`AA n in N, 49^n+16n-1` is divisible by (A) `64` (B) `49` (C) `132` (D) `32`

To determine the divisibility of the expression \(49^n + 16n - 1\) by the given options, we will use the binomial theorem and some algebraic manipulation. ### Step-by-Step Solution: 1. **Rewrite the expression**: We start with the expression \(49^n + 16n - 1\).

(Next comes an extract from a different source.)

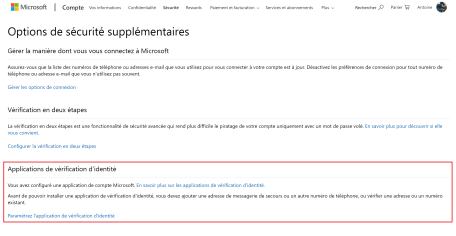 Microsoft double authentification 2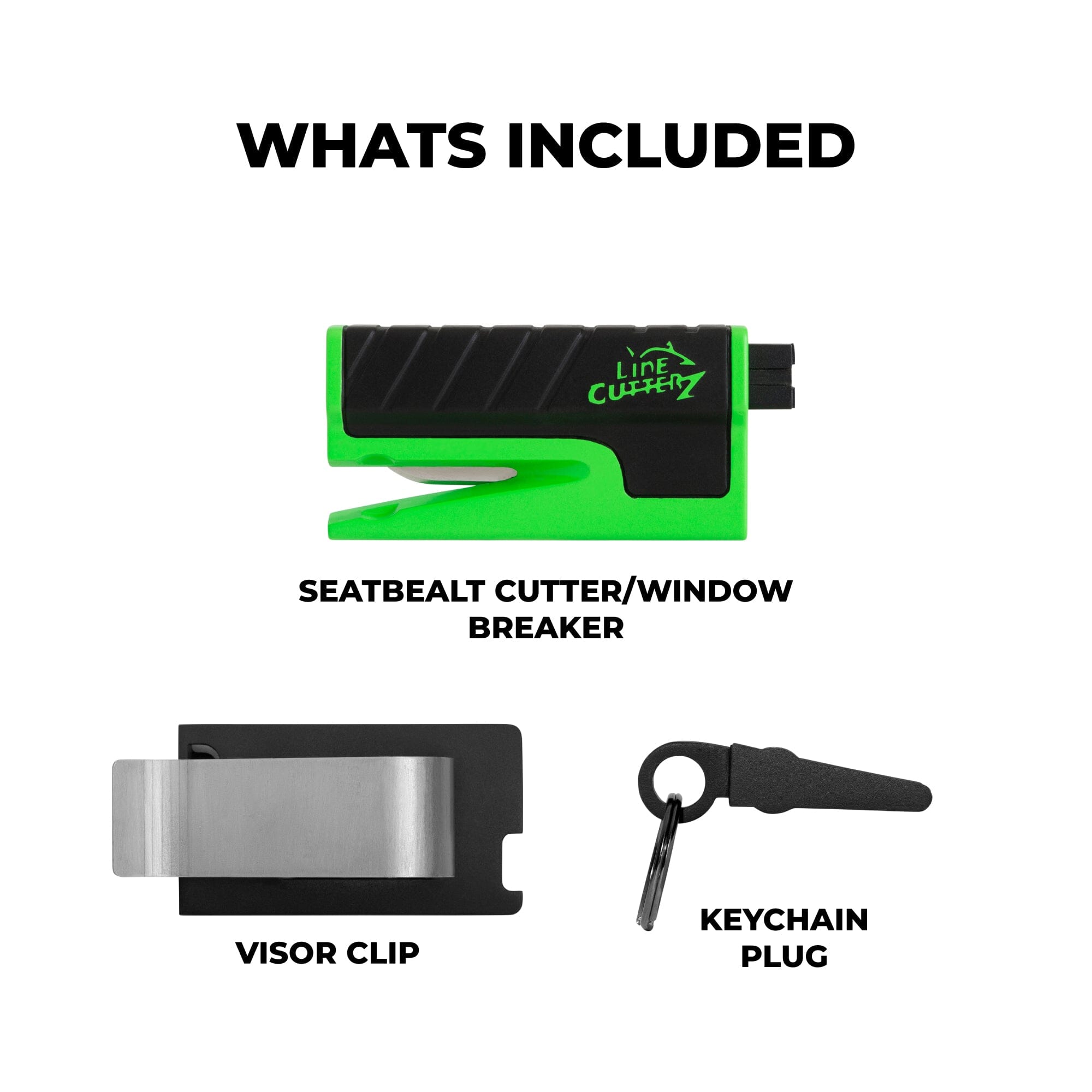 Line Cutterz VET vehicle escape tool with durable cutter blade and ergonomic handle, designed for quick emergency vehicle cuts.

Notice that \(49\) can be rewritten as \(1 + 48\). Therefore, we can express \(49^n\) as: \[ 49^n = (1 + 48)^n \] 2. **Apply the Binomial Theorem**: According to the binomial theorem, we can expand \((1 + 48)^n\): \[ (1 + 48)^n = \sum_{k=0}^{n} \binom{n}{k} 48^k \] This expands to: \[ 1 + \binom{n}{1} 48 + \binom{n}{2} 48^2 + \binom{n}{3} 48^3 + \ldots + 48^n \] 3. **Combine with \(16n - 1\)**: Now, substituting back into our expression: \[ 49^n + 16n - 1 = \left(1 + \binom{n}{1} 48 + \binom{n}{2} 48^2 + \ldots + 48^n\right) + 16n - 1 \] The \(1\) and \(-1\) cancel out, leaving us with: \[ \binom{n}{1} 48 + \binom{n}{2} 48^2 + \ldots + 48^n + 16n \] 4. **Factor out common terms**: We can factor out \(16\) from \(16n\) and observe that \(48\) can be expressed as \(3 \times 16\): \[ = 16 \left(\frac{n}{3} + \text{other terms involving } 48\right) \] 5. **Check divisibility by \(64\)**: Notice that \(48\) is divisible by \(16\), and since we have multiple terms involving \(48\), we can check how many factors of \(16\) we can extract from the entire expression. Each term contributes at least one factor of \(16\), and since \(48\) is \(3 \times 16\), we can conclude that: \[ 49^n + 16n - 1 \text{ is divisible by } 64 \] ### Conclusion: Thus, the expression \(49^n + 16n - 1\) is divisible by \(64\). Therefore, the correct answer is **(A) 64**.